A poco de cabalgar toparon con el cortejo de la reina. Tres literas, tres carrozas, numerosos caballeros y un destacamento de tropa.

Echó pie a tierra ante la litera. Ella asomó la cara por la cortina abierta y le ofreció la mejilla. Se detuvo a contemplarla. Era bella. Alguien había dicho que era de «una belleza diabólica». Eran los rasgos de la reina Isabel de Valois. Reaparecía aquella imagen nunca olvidada de la primera vez que la vio cuando salió a recibirla en el camino de Guadalajara con Don Carlos. La misma piel transparente, los pómulos altos, la frente amplia, los ojos vivaces y grises, la boca carnosa, sonriente. Le tomó las manos y besó la mejilla fresca. Aspiró un perfume seco y penetrante. «No es posible verla sin amarla, señora.» Sonriente le había replicado: «Debéis saber que es peligroso».

Se incorporó de la litera y vinieron a rodearía sus damas y los caballeros del séquito. Mientras se hacían las presentaciones la pudo observar con gula. Era posesiva y burlona.

Había sido aquella hermana menor de la que tanto hablaba la reina Isabel. Era también aquella otra que, en los días de Alcalá, había figurado entre las posibles esposas para Don Carlos. Era, sobre todo, la princesa que la reina madre de Francia había propuesto a Felipe II para reemplazar a Isabel muerta. «El destino de las princesas lo hacen los otros.» Del destino hablaron en el trayecto hacia Namur. «He sabido mi destino y el de toda mi familia. El doctor Nostradamus lo predijo deL modo más perfecto.» Hablaron del temido profeta ya muerto. Contó muchas profecías cumplidas. «Se concentraba y por los astros podía profetizar el destino de cualquier persona.» Recitó el oscuro cuarteto que parecía anunciar la muerte de su padre, el rey Enrique II, en un torneo: «En jaula de oro le romperán los ojos«. La reina Catalina le pidió los horóscopos de sus siete hijos. «Dijo que todos serian reyes.» Ya no faltaba sino uno, «mi hermano el duque de Alezón«. Se inmutaron los españoles. Era precisamente el joven príncipe francés que el Taciturno tenía como un posible candidato al Gobierno de Flandes. Cambió de tema con gracia.

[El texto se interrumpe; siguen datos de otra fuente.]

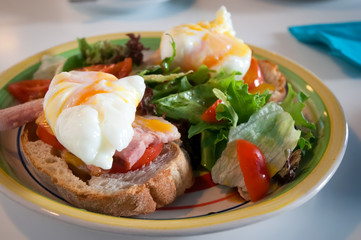 Breakfast with eggs Benedict , toasted ham, poached eggs.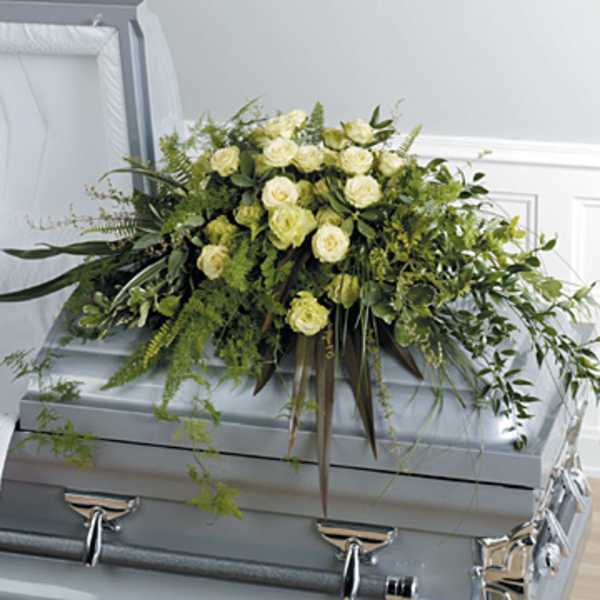 White rose casket spray with cascading greenery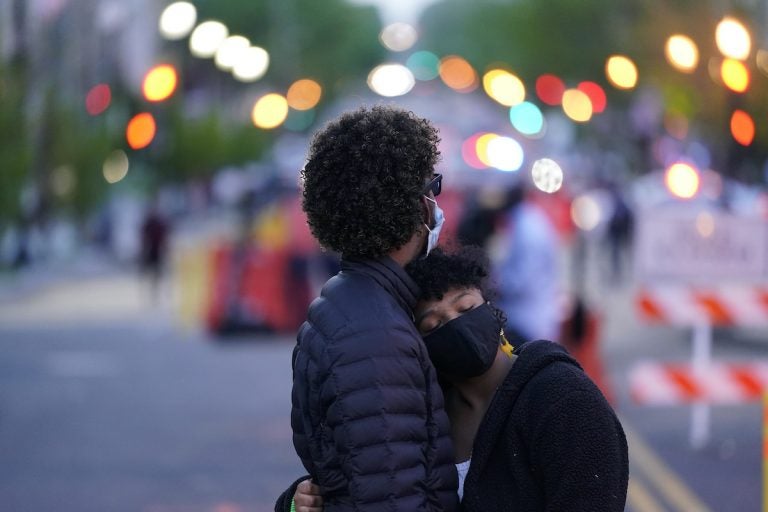 George Floyd Officer Trial Washington A couple dances at Black Lives Matter Plaza near the White House on Tuesday, April 20, 2021, in Washington, after the verdict in Minneapolis, in the murder trial against former Minneapolis police officer Derek Chauvin was announced. (AP Photo/Alex Brandon)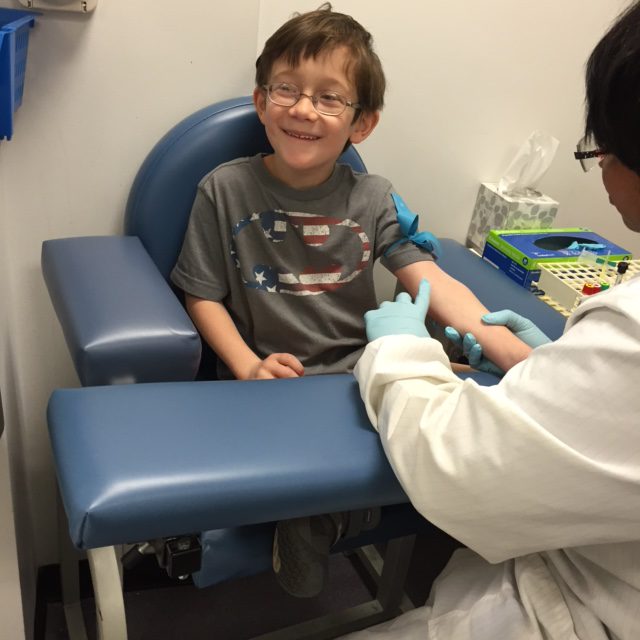 child getting blood drawn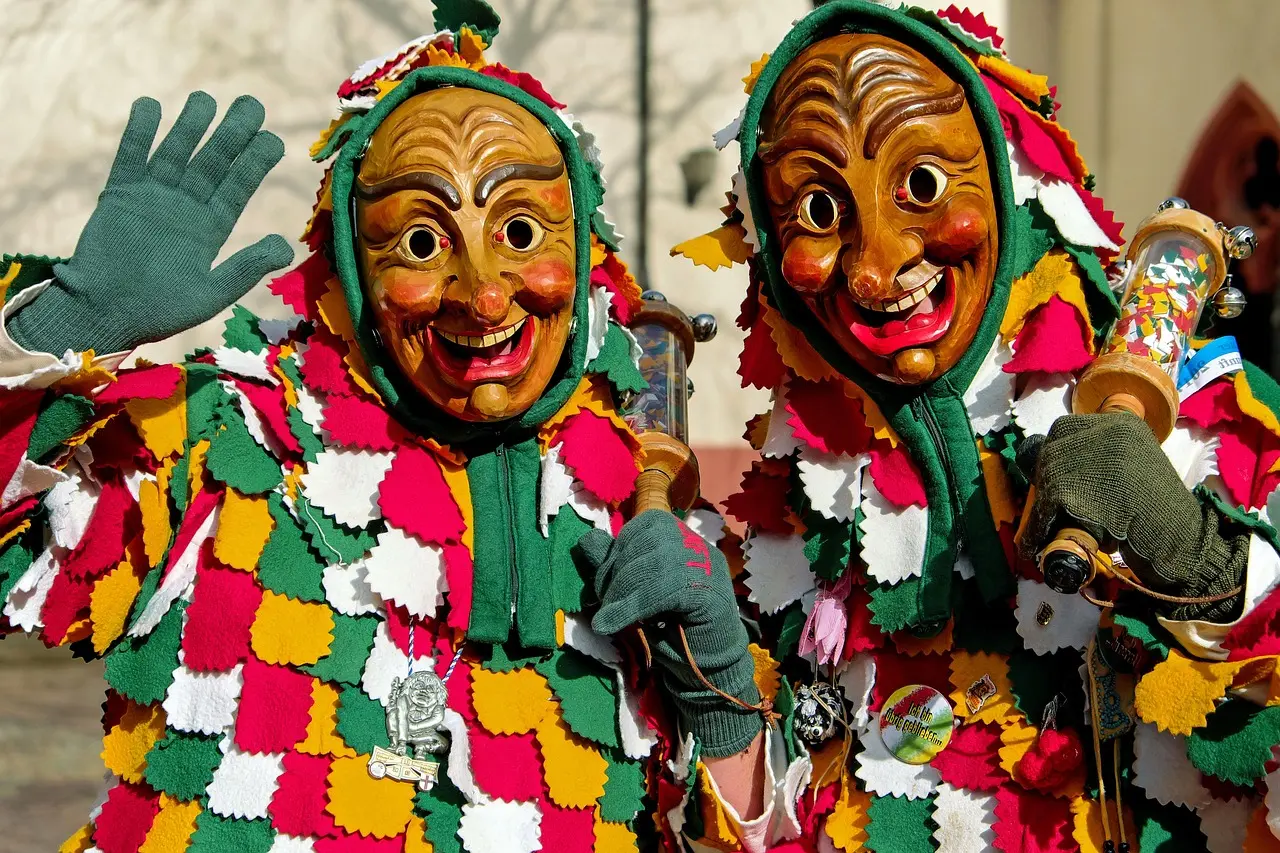 Mamuthones procession in Mamoiada, Sardinia — an ancient, visceral cultural experience through local festivals and folk performances Mamuthones performers in sheepskin robes and wooden masks walking through snowy Sardinian village street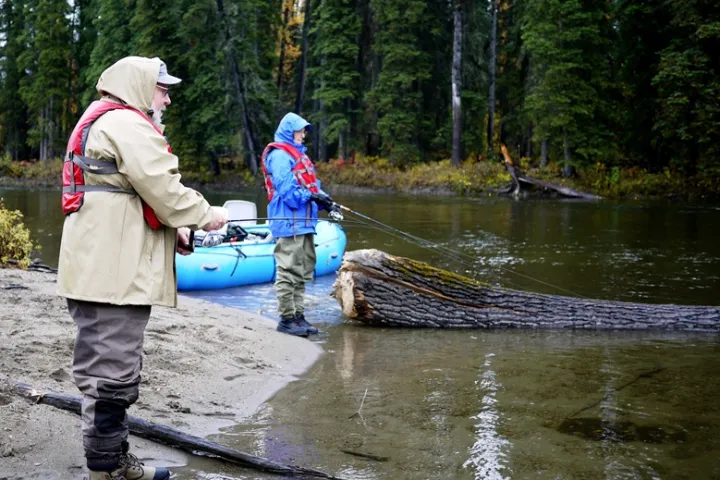 a couple of people that are standing in the water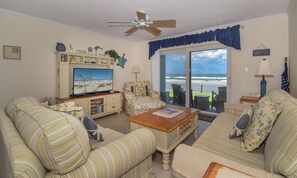 Large living room with seating for 6 and HD TV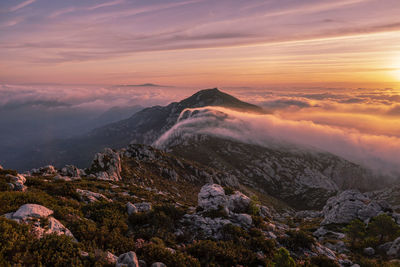 Scenic view of mountains against sky during sunset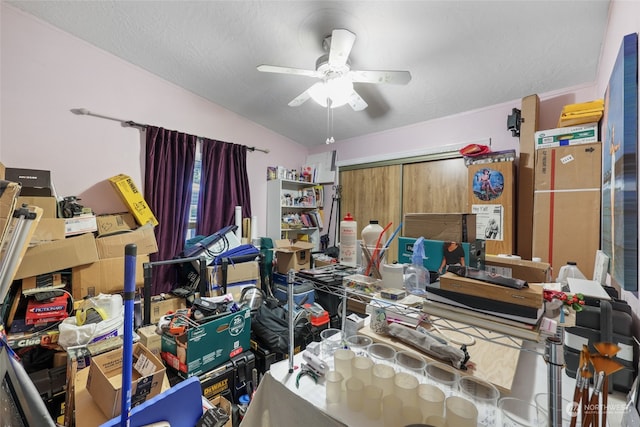 interior space featuring a textured ceiling, vaulted ceiling, and ceiling fan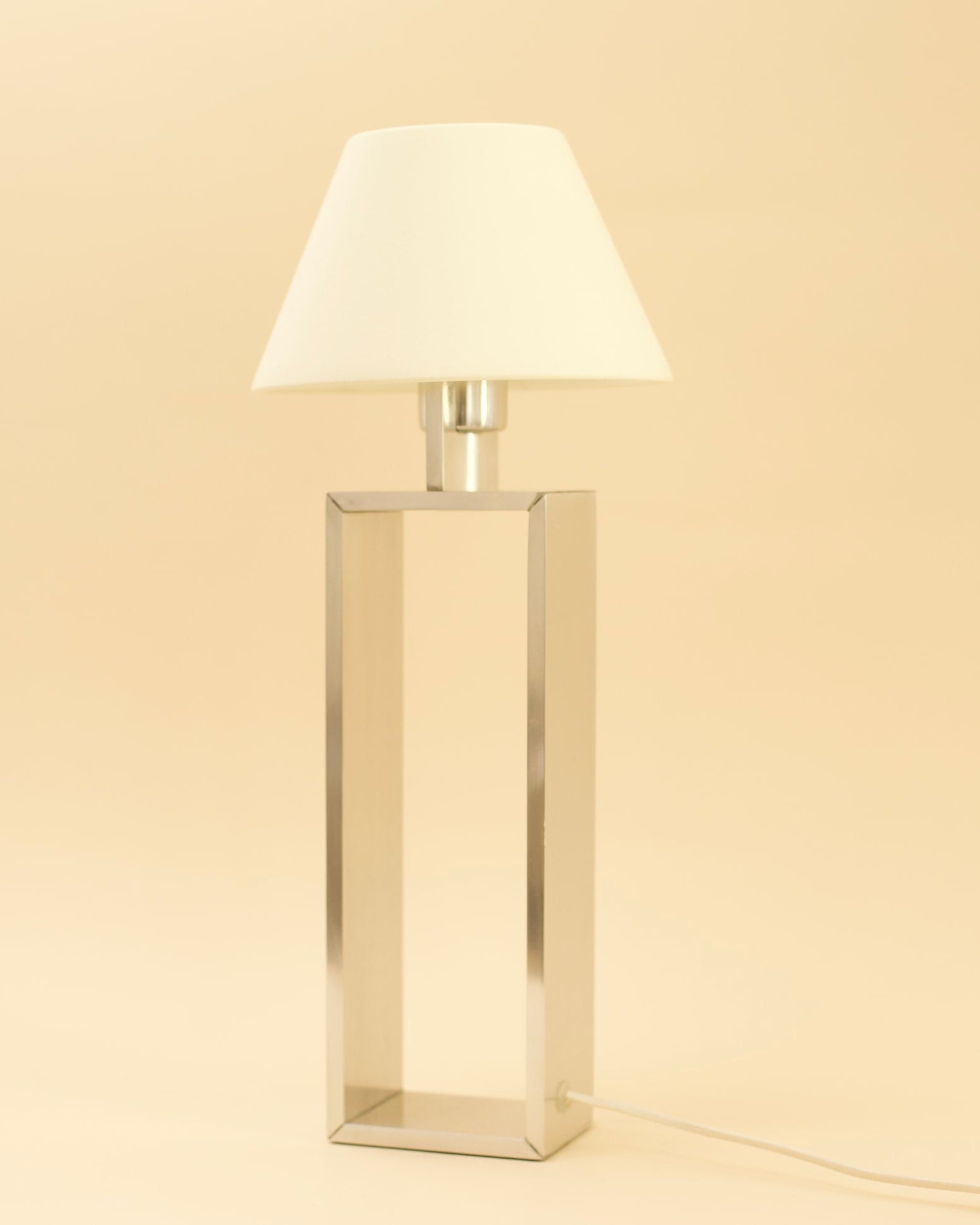 BREUER Table Lamp — side angle showing polished metal base and white shade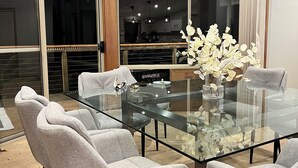 Un coin repas avec une table à plateau en verre, entourée de quatre chaises rembourrées.
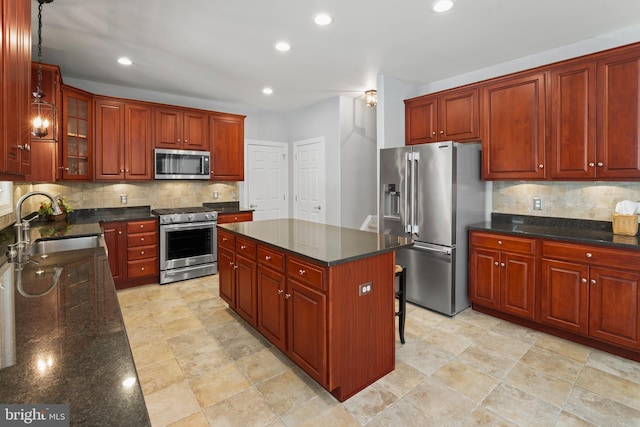 33 Waterview Dr, Pilesgrove, NJ 08098 - kitchen featuring stainless steel appliances, a sink, backsplash, glass insert cabinets, and recessed lighting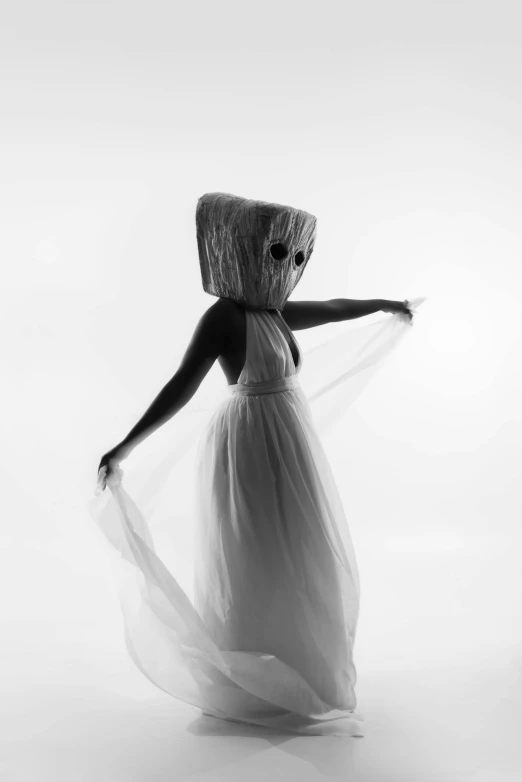 a woman in a dress stands in front of a white backdrop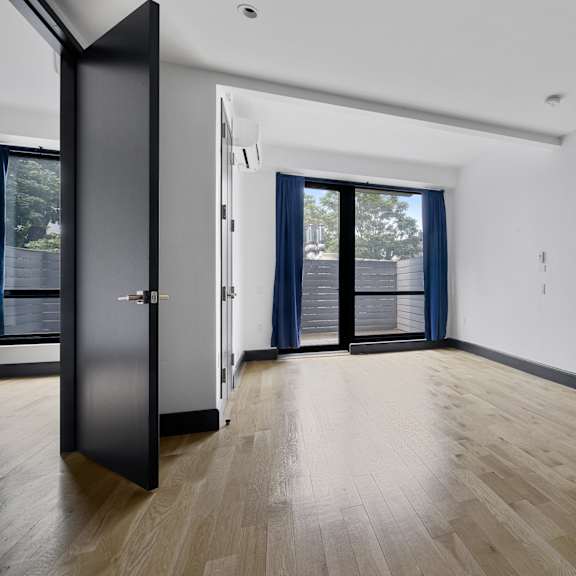 a room with a black door and wooden flooring.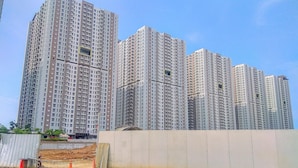 A high-rise residential building with multiple floors, large windows, and balconies. - Cozy And Simple Look Studio At Tokyo Riverside Pik 2 Apartment (Teluknaga)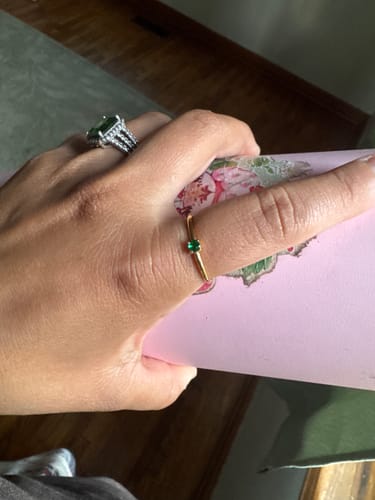 Reviewer wearing the dainty gold Birthstone Ring with a green stone on one finger, next to a silver ring on another.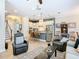 Open-concept living space with a kitchen featuring an island, leading to a comfortable and stylish living area at 1410 Resolute St, Celebration, FL 34747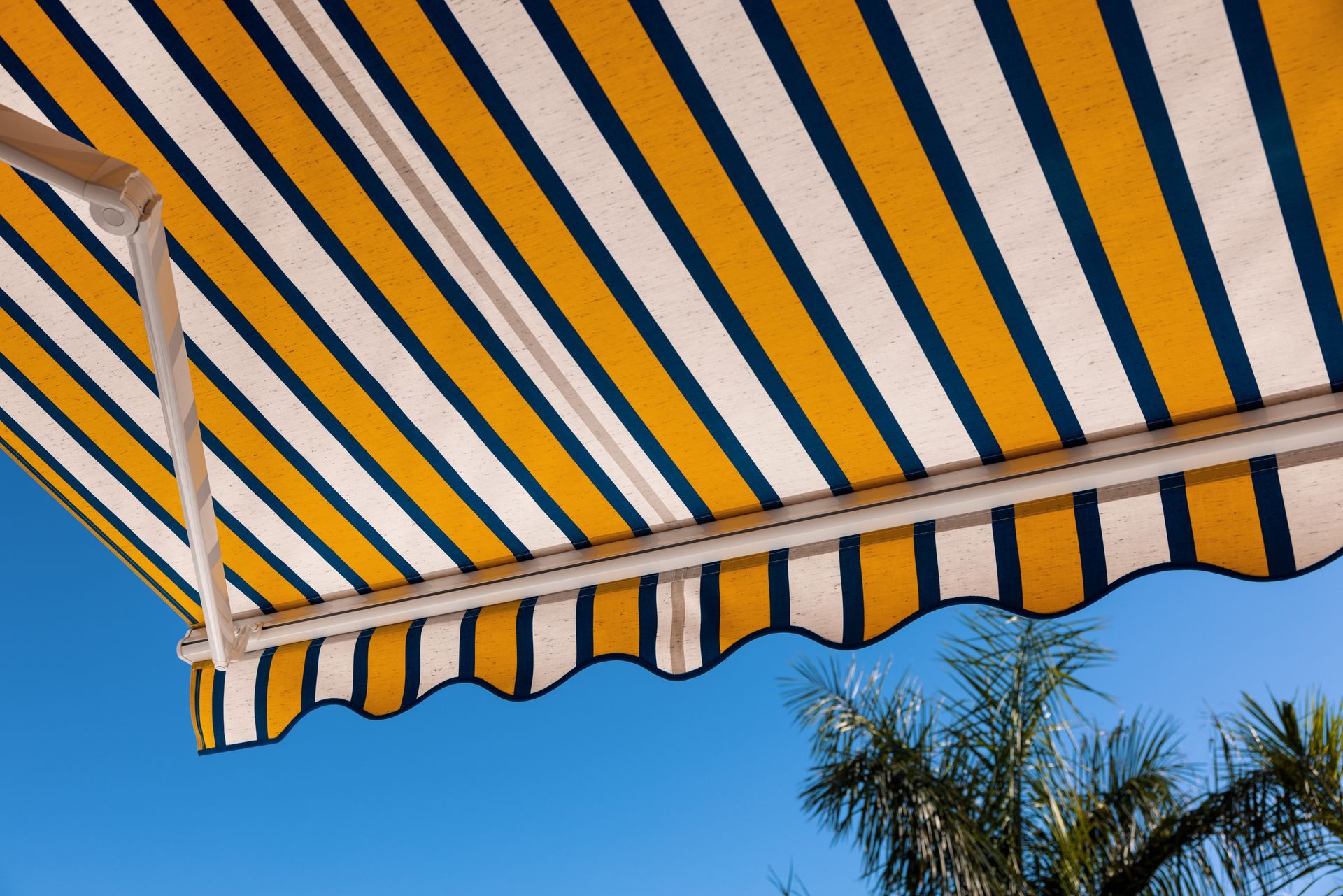 Un store rétractable à rayures jaunes et bleu foncé sous un ciel bleu clair, avec des palmes de palmier visibles en bas.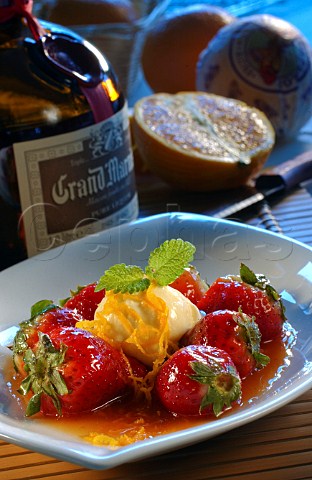 Strawberries with icecream and Grand Marnier syrup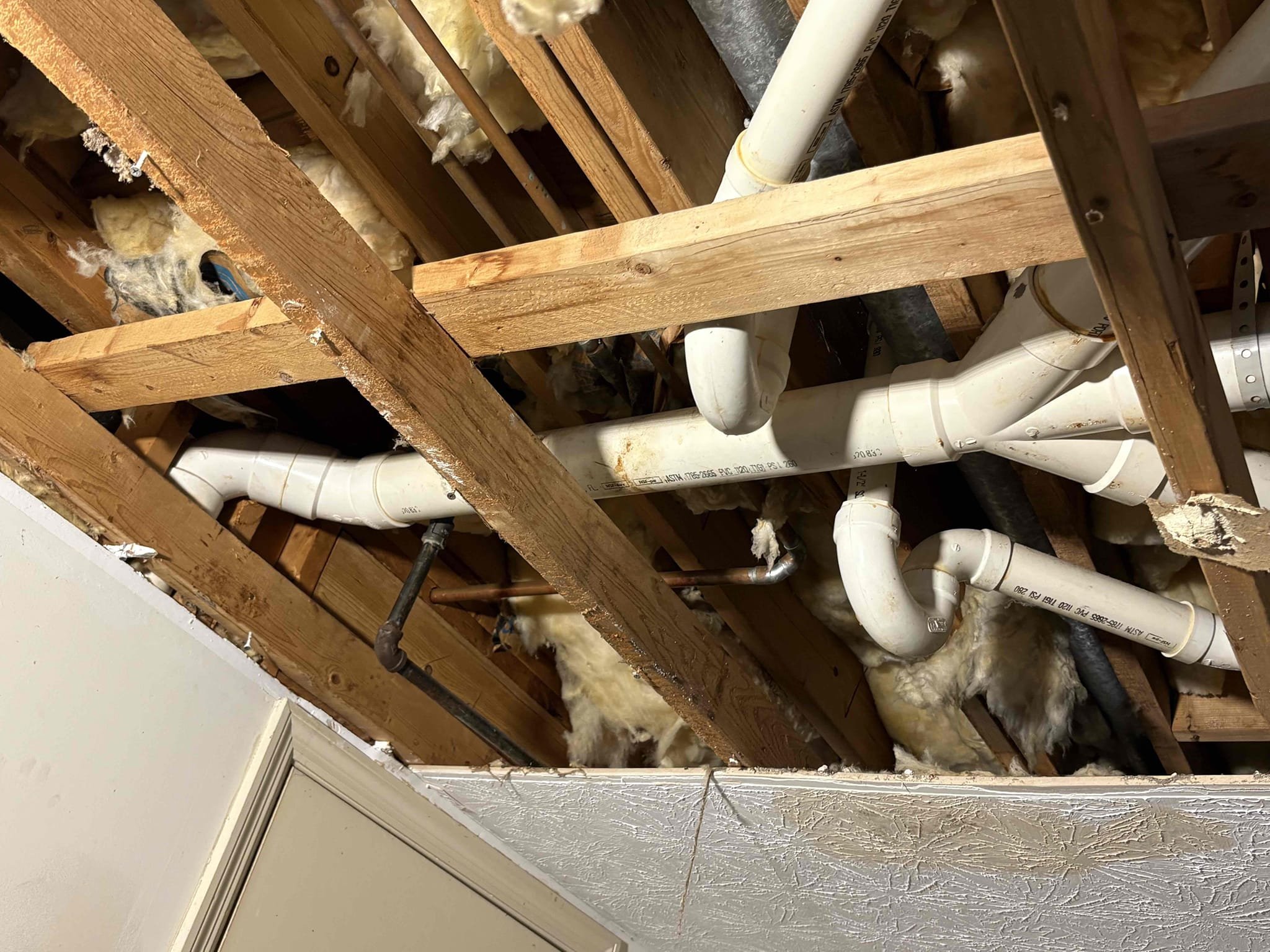 Came out today to perform the full drain repipe for the fixtures on right side of home on 2nd story which were the master bathroom, hall bathroom, and the laundry and vent that goes through the roof. We did this work due to the entire system having back fall, causing the drains to hold water and cause backups, which caused some water damage to the home. Cut old piping out and replaced with all new pvc piping and fittings that are properly pitched so everything flows like it should, downhill.

Got good bit of drains replaced but will need to be back here Monday to finish the drain work and demo both the hall bathroom tub/shower tile surround and the master bath shower tile surround in order to replace the drain pipes for them. We will then replace the hall bath tub with new fiberglass, and client will have master bath shower redone in tile by tile guys. 

Collected 1/2 of original invoice, and have to get quote together for the additional tile demo and tub replacement. 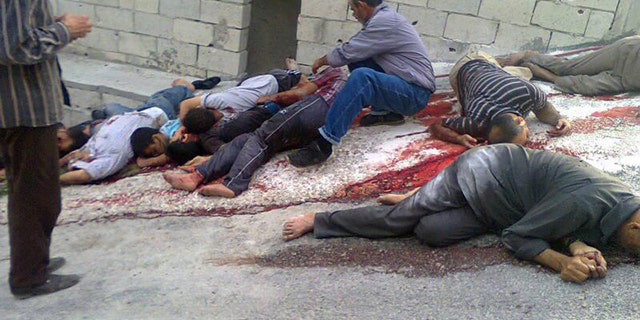 In this citizen journalism image released on Thursday, May 2, 2013 by a group that calls itself The Syrian Revolution Against Bashar Assad, which has been authenticated based on its contents and other AP reporting, a Syrian man, center, identifies dead bodies, who were killed according to activists by Syrian forces loyal to Bashar Assad, in Bayda village, in the mountains outside the coastal city of Banias, Syria. Syria's main opposition group on Friday accused President Bashar Assad's regime of committing a "large-scale massacre" in a Sunni village near the Mediterranean coast, killing scores of people, according to activists. (AP Photo/The Syrian Revolution Against Bashar Assad)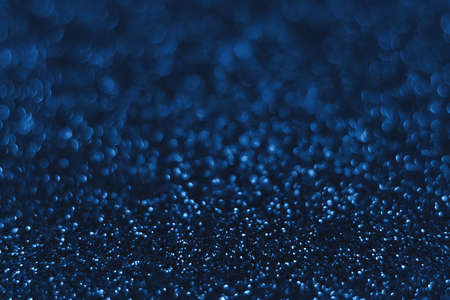 Blue sparkling glitter bokeh background, christmas abstract defocused texture. Holiday lightsの写真素材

Parecían estar solos. «Por mi han pasado muchos destinos, ahora sé que el único que me queda no es bueno.«No hay que decir eso, Vuestra Alteza lo tiene todo.» Sonrió al halago.

Desfilaron por la ciudad en fiesta hasta el palacio. Los vecinos se asomaban como si despertaran de la pesadilla de la guerra.

De la recepción en el palacio pasaron al banquete. Había música de violas y canciones de amor triste. Se sentían solos y segregados de los demás. «Todo ha cambiado con vuestra presencia.«Se había borrado la angustia y el cerco de amenazas. Ella dijo: «Somos como dos niños escapados de la casa, escapados de un presente que no nos agrada«. Hacía comentarios burlones sobre las damas y señores que le presentaban.

Recordaba con desparpajo personajes y cuentos de la Corte de Francia. Engaños del amor, historias de alcoba, picardías.

En el banquete, sentados juntos en la cabecera, comenzaron a tutearse. A través de ella percibía otros rostros. Isabel de Valois, aquel sueño de mujer inaccesible de sus años mozos, Catalina de Médicis, en el centro de la red de su intriga, y algo de las mujeres que había amado. Era distinta a todas. Lo fascinaba y le llegaba hondo. Tuvo la sensación de estar atrapado. «Puedes ser un peligro para lo que estoy haciendo aquí.

Pueden aprovecharse mis enemigos, pero no logro verte de esa manera. Olvidemos todo eso. Quiero vivir plenamente esta hora que nos regala el destino.» Pasaban en su parlería las cosas divertidas de la Corte de Francia. Lances de amor y engaño, imitaba gestos, soltaba palabras crudas. No había oído hablar así a ninguna gran dama. Tal vez a la princesa de Éboli, pero era otra cosa. Lo hacia reír como cuando le contó una escena representada por los comediantes italianos en presencia de la reina Catalina. El joven que pasa la noche oculto en la alcoba de la bella dama y al día siguiente se lo cuenta a un amigo. «¿Ch'avete fatto?» «Niente», respondió ante el asombro del otro que lo increpa: «¿Niente? ¡Ah poltronazzo!, senza cuore, non avete fatto niente, che maldita sía la tua poltronería».